In John’s gospel, the “last supper” is described as a meal that takes place BEFORE the Passover (John 13:1).In John’s gospel, Jesus dies on the cross ON Passover.Thus all Jews in Jerusalem would not have been eating their Passover meal on exactly the same evening.However, the discrepancy in dating is perhaps best explained with the realization that the author of the gospel of John was not concerned about dates in the way modern historians are, but was giving a testimony of faith about his community’s experience of the risen Lord.One difference: in the gospels of Matthew, Mark, and Luke Jesus uses parables or stories as a main form of teaching.In John’s gospel he tells NO parables, and speaks in a poetic style very different from his “voice” in the synoptic gospels.

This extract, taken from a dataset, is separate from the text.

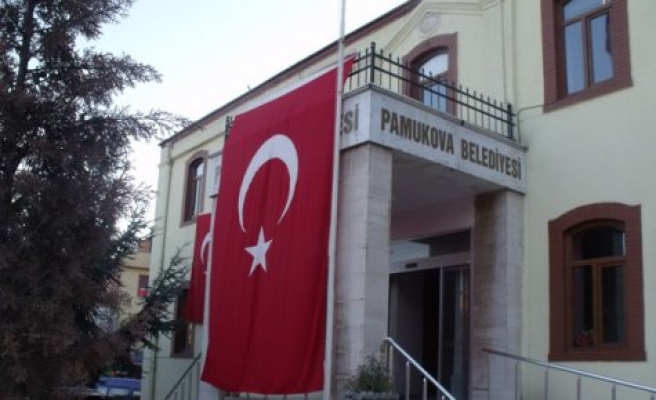 Terör saldırılarına karşı Belediye Başkanı Cevat Keser tepki gösterdi.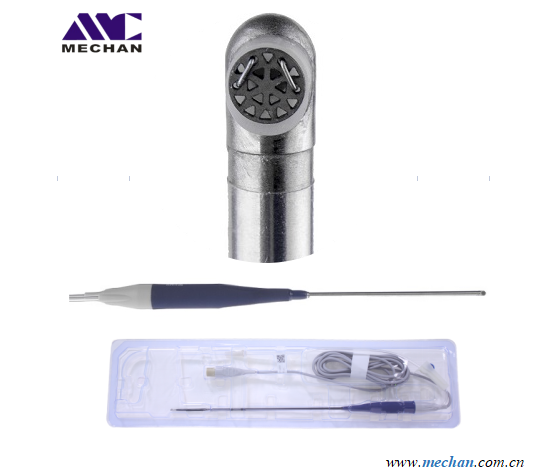 Orthopedic surgery instruments radio frequency plasma generator console for arthroscopic surgeries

Not that any great doctrine rests on the calculations below, but it sure is nice that we can have reasonable confidence that the dates of Jesus’ birth and death are secure and can be gleaned from a combination of biblical and extrabiblical historical data. C.) to mount his campaign to have all the boys two years old and under in Bethlehem and vicinity killed (see Matt , 19).

However, there is no reliable ancient historical evidence for such co-regency.

We conclude that Jesus was most likely crucified on April 3, 33.

Andreas Köstenberger is senior research professor of New Testament and Biblical Theology at Southeastern Baptist Theological Seminary in Wake Forest, NC.

Justin Taylor is senior vice president and publisher for books at Crossway.